**Task requirements:**
For this exercise, transcribe all the entries exactly as given and omit the images.
Records for this task below:
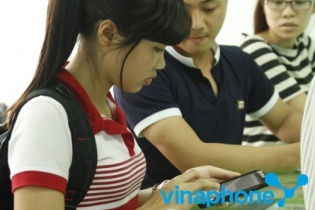 Thu phí xét tuyển đại học, cao đẳng qua... tin nhắn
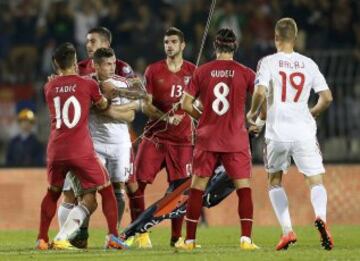 Batalla campal en el Serbia-Albania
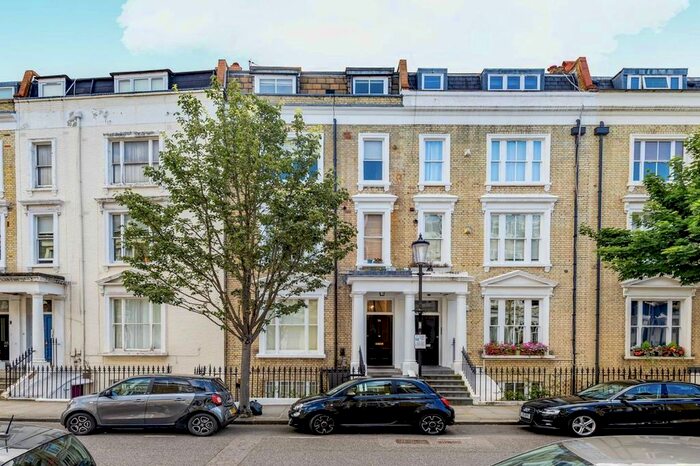 2 Bedroom Flat To Rent In Eardley Crescent, London SW5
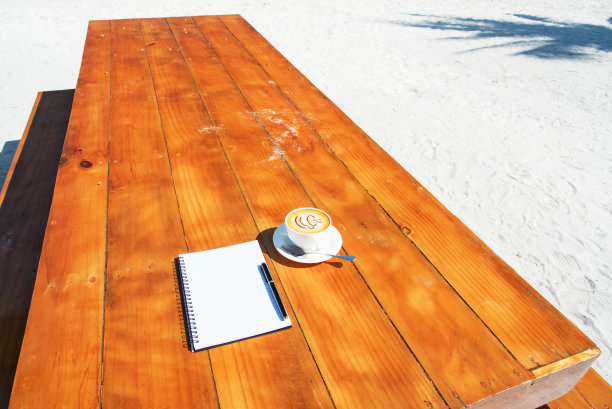 热带海滩的咖啡休息时间图片下载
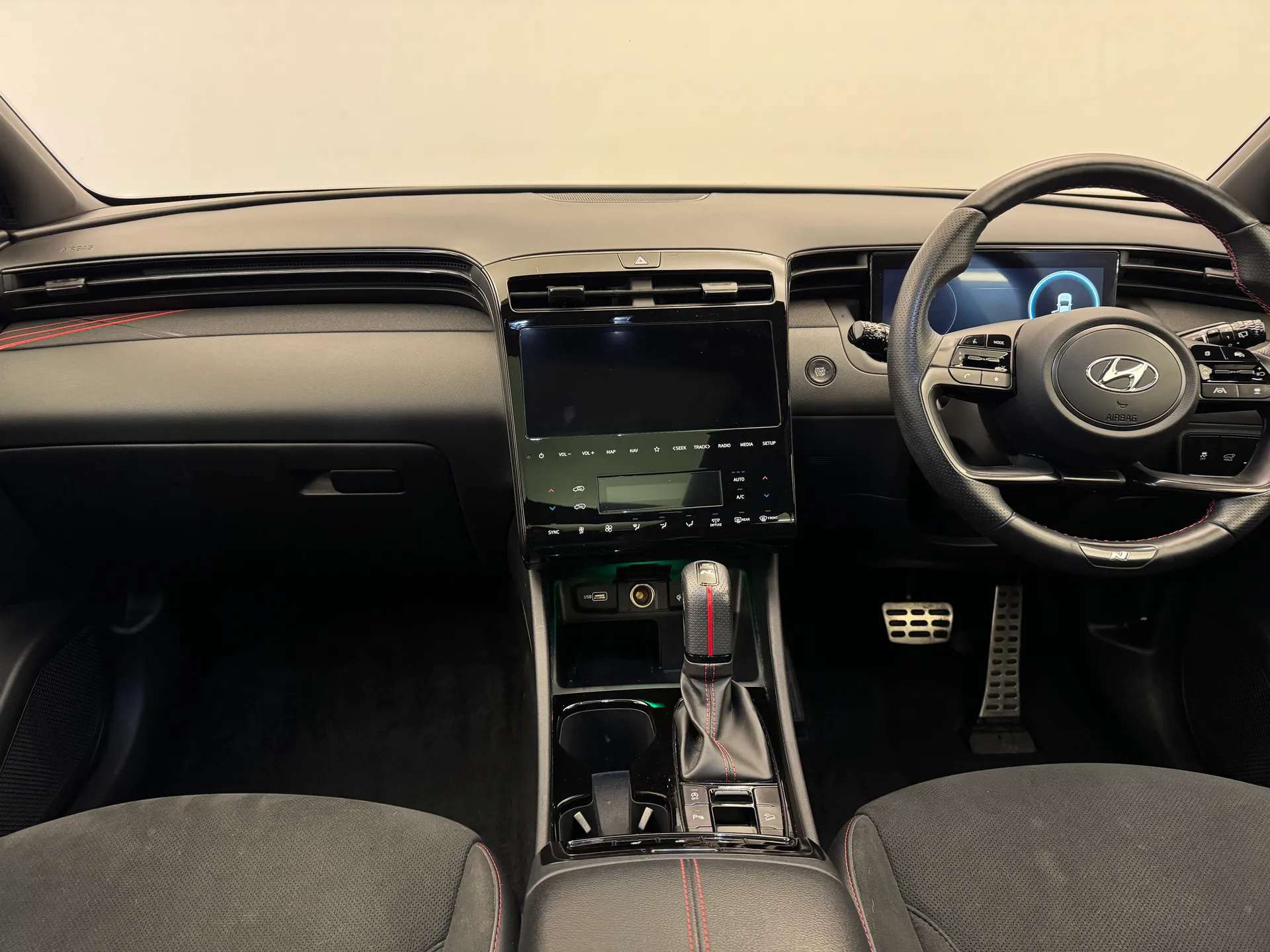 A 2023 HYUNDAI TUCSON 1.6 TGDi 48V MHD N Line S 5dr 2WD DCT A 2023 HYUNDAI TUCSON 1.6 TGDi 48V MHD N Line S 5dr 2WD DCT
End of Records for this task.
**Solution:**
 Thu phí xét tuyển đại học, cao đẳng qua... tin nhắn
 Batalla campal en el Serbia-Albania
 2 Bedroom Flat To Rent In Eardley Crescent, London SW5
 热带海滩的咖啡休息时间图片下载
 A 2023 HYUNDAI TUCSON 1.6 TGDi 48V MHD N Line S 5dr 2WD DCT A 2023 HYUNDAI TUCSON 1.6 TGDi 48V MHD N Line S 5dr 2WD DCT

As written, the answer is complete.